The Sacramental Life: Holy Eucharist
Also known as the Lord's Supper or Holy Communion, the Eucharist is the center of our common worship as the church. At the Eucharist, we as Christians encounter the Real Presence of Christ. During the Eucharist we remember the sacrifice that Christ made on our behalf, and glory in our union with him in his resurrection. We celebrate the Eucharist frequently, as we believe it to be the spiritual food we need to sustain us in our spiritual journeys and everyday life. At St. Andrew's, we celebrate the Eucharist each Sunday, and on many of the major feast days of the church year.
In spite of the diversity of worship styles in the Episcopal Church, Holy Eucharist always has the same components and the same shape, divided into the Liturgy of the Word and the Liturgy of the Table.
The Liturgy of the Word
We begin by gathering the community through hymns and a prayer asking God to be with us as we worship.
Next, we listen to Scripture, typically hearing four different readings from the Bible.: a reading from the Old Testament, a Psalm, something from the Epistles in the New Testament, and a reading from the Gospels. The psalm is recited or sung by the congregation. The priest proclaims the Gospel reading in the midst of the congregation, as a sign that Christ the Word is present in the midst of the church.
A sermon interpreting the readings follows the Gospel. The congregation then proclaims the Nicene Creed, which has been the core statement of faith used by Christians since it was written in the 4th century.
Next, the congregation prays together—for the Church, the World, and those in need. We thank God for all the good things in our lives, and finally, we pray for those who have died. The priest collects the Prayers of the People with a closing prayer.
On most Sundays, the congregation confesses their sins before God and one another. This is a corporate prayer of confession of those things we remember personally, things we have done and those we have left undone. This is followed by a pronouncement of absolution, as God is always ready to forgive our sins.

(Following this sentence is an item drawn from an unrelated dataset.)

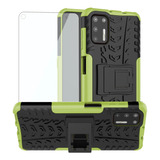 Funda Para Moto G9 Plus C/ Protector De Pantalla.negro/verde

The congregation then greets one another with a handshake or a hug as a sign that they share "the peace of Christ.”
The Liturgy of the Table
After announcements are made, we sing a hymn while an offering of money is collected and is brought up to the Altar along with bread and wine. The priest sets the table, putting the wine into a cup called a chalice and putting the wafers of bread on a shallow dish called a paten.

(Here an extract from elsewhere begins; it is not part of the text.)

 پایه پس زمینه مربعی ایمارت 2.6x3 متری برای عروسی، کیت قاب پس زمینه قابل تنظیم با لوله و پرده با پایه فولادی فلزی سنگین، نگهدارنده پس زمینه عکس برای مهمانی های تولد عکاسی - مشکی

The priest then greets the people with "the Lord be with you", and the people respond "and also with you". Then the priest continues to lead the congregation in the Eucharistic Prayer. This prayer of thanksgiving to God recalls God's goodness in creating the world, in finding ways to reach to us in our sinfulness, and most importantly in God's gift of Jesus Christ to be our savior. The prayer continues with the words Jesus used at the Last Supper when he commanded the church to continue the meal in remembrance of him. We end by asking that the Holy Spirit descend, and make Christ truly present in the bread and the wine, that we may offer it and ourselves to God to the service of the kingdom of heaven.
The congregation responds to this prayer with Amen or 'so be it', and we then pray the Lord's Prayer.
The bread is broken, and the church comes forward to communion with the words "the gifts of God for the people of God."
At the end of the Eucharist, the congregation prays once more in thanksgiving, and then is dismissed to go forth into the world to the life of service God. has called each of us to take up. "Go in peace, to love and serve the Lord!"